Posts like the “IDK what’s going on” meme, where Norris portrays a clueless college student in the middle of a difficult class, have made Norris a household name for college students on social media around the world.
After being told by a friend that she successfully used a picture of his to stop a guy from constantly messaging her, Norris came up with an idea to use his platform to combat the harassment of women online.
Norris became Twitter’s ‘fake boyfriend,’ tweeting out a series of seemingly candid photos of himself doing various normalcies in his home in hopes that people would use his pictures to thwart unwanted messages from strangers online.

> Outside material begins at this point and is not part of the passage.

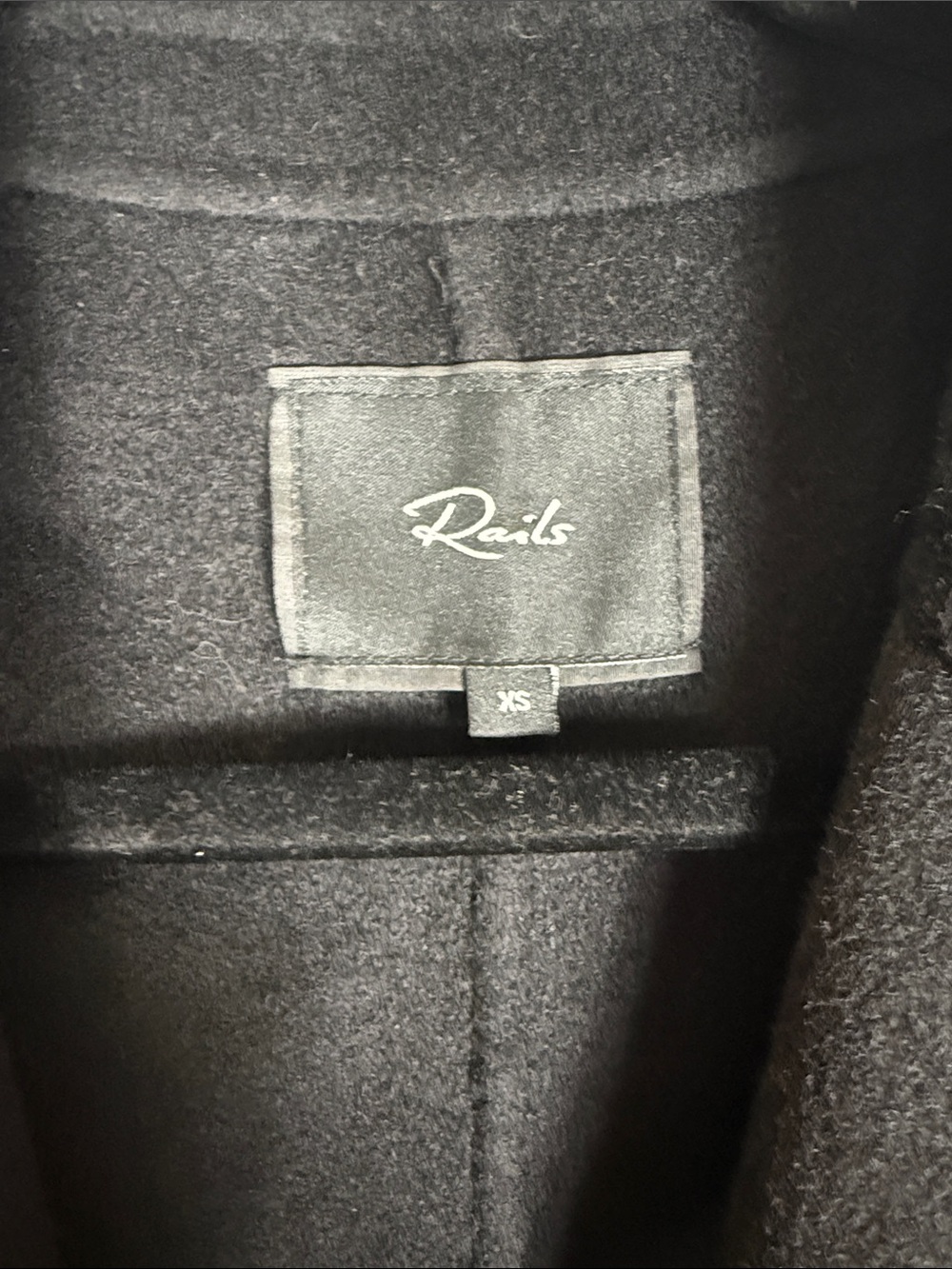 Rails Everest Coat in Black - Picture 4 of 7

Saw there was an actual market of women that needed this… so here are some pictures y’all can use to send to guys that won’t leave you alone or keep sending you unsolicited pictures. Goodluck ❤️ pic.twitter.com/Du4gGO2unB
— Trevor Norris (@trevor_norris0) April 18, 2019
“I thought [her message] was funny, so I retweeted it and posted it on Instagram. Then I got nine other messages all from other friends saying they needed pictures because guys wouldn’t stop harassing them, and from there, I saw the actual need for these pictures,” Norris said.

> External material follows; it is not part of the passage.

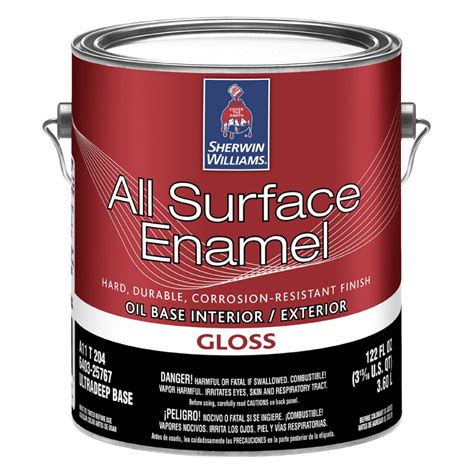 Sherwin Williams All Surface Enamel Oil Base Gloss — Sherwinstore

Norris tweeted the first set of pictures April 17. What happened next, Norris said he was not expecting.
“I wasn’t expecting this big of a reaction,” Norris said. “People started calling me an ally and a hero because these girls were so used to being harassed and just had to deal with it for so long.”
Norris’ tweet has started a conversation about the way men pursue women online, a conversation that junior nursing major Lindsey Adele Campbell says is long overdue.
Campbell found herself at the receiving end of a daily bombardment of unsolicited messages from an unknown male sender. It was only when she sent one of Norris’s pictures that she was able to get the messages to stop.
Campbell said that a conversation about this will help her and others who have been in the same situation. She said that this instance was not the only one she has had.
“This cycle happens to a surprising number of other women, more than some may think,” Campbell said. “A lot of the times, the only way to get said man to stop is to block them, and I appreciate Trevor’s post for helping to break this cycle and get men out of our DMs.”
Sophomore history major Amanda Malede Irizarry said Norris’s post is necessary because it challenges the idea that in today’s society, a man’s worth is no more than a woman’s. She also said that avoiding aggressive men is common.
“It’s unfortunate, but it is necessary in this society nowadays because there are certain kinds of men that can’t take no for an answer and they respect other men more than they actually respect women,” Irizarry said. “They respect the fact that a woman already ‘belongs’ to another man rather than a woman refusing by herself.”
Above all else, Norris wants his posts to keep people talking about these issues until they are understood. “That’s what I do want. I just want this message to be heard. So if no one else gonna speak about it, I’m definitely ready for it.”